If I was noticing the ire being cast their way, I know for sure the Jamaicans were, too, and, worse yet, they had to be feeling it.

This was not the first time, nor will it be the last, that I’ve seen migrant workers treated poorly.

It’s disgusting. Is that any way to treat our neighbors?

Yes, our neighbors.

For 2 to 10 months out of the year, longer than many snowbirds, these gentlemen from afar are living in our communities in quality housing provided for them by their employers. They travel our roads, share our parks and shop our stores.

And, most importantly, they provide services that Americans won’t.
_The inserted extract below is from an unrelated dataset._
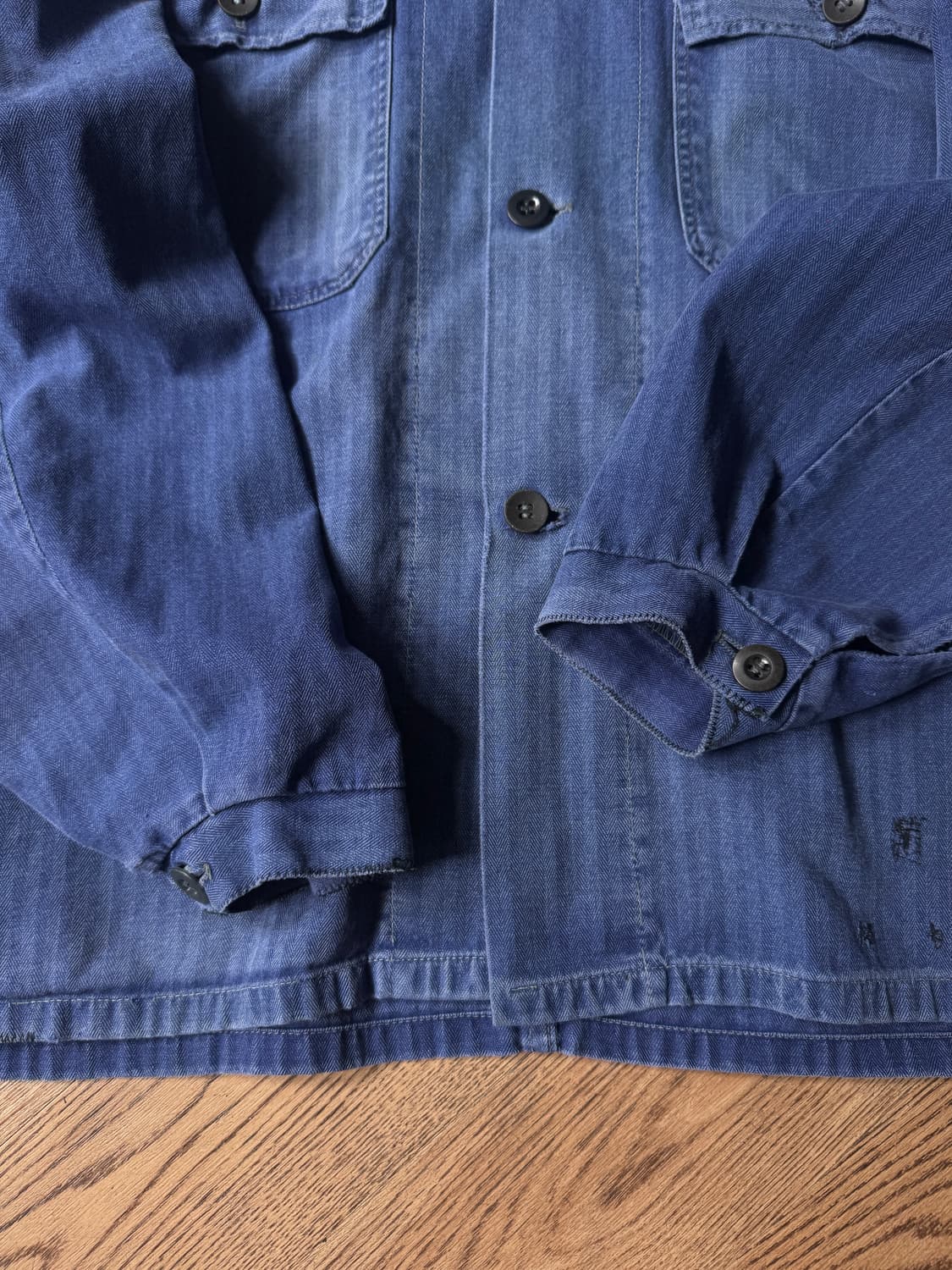 [L]90's 빈티지 페이딩 2포켓 헤링본 프렌치 워크자켓 상품이미지5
They are here because, even in a bad economy, able-bodied American men won’t come off lifestyles of public assistance or parental benevolence to pick fruits and vegetables. A job that pays $12 to $15 per hour goes wanting and has to be outsourced to workers from another country because we’ve created a society that believes farm work is just too hard, unacceptable, and something fitting a lesser people. People have to work with their hands and get dirty? Pshaw!

Luckily for all of us, the migrant workers don’t have that pitiful view. They see the value in honest work and physical labor and show something that decades ago we once considered to be “the American work ethic.”

Because they do what we once did and what we won’t do now, we aren’t starving. They bust their butts to put healthy, nice-looking produce -- things that farm machinery can’t pick or sort -- in our stores. Ironically, the very same people who looked at the Jamaicans with ire were buying the fresh goods that those men had picked days earlier.

Who knows where the disdain for them comes from: Is it because they look and sound different from most of us, or is guilt by association because of a deserved narrative against illegal aliens (which these men aren’t) who do bad things (which these men don’t) in our southern border states?

Almost all migrant farm workers in Niagara County are here legally, holding H-2A visas which allow them to be here up to 10 months at a time. When they are not here, they are back home reveling in the rewards of their hard work – that is, seeing their families living in humble homes and going to better schools that are atypical to the dead end squalor of their homeland. They are doing back breaking work to ensure that their kids aren’t and to help them rise out of a second- or third-world existence.

That’s commendable work. That’s commendable fathering.

Yet, why do we only want them to have some shadowy existence, almost off the grid, out of sight and out of mind, while they are here toiling and making good on their promises to their families?

We should be treating them as we would anyone who lives and works in our towns and villages. Not only do they deserve a passing smile at the grocery store, but they should be invited and welcomed with open arms to our churches and community events. They should made to feel like they belong.

They might be part-time neighbors, but they are good neighbors, hardworking souls who by their very nature represent the ethos that once defined the greatness of America.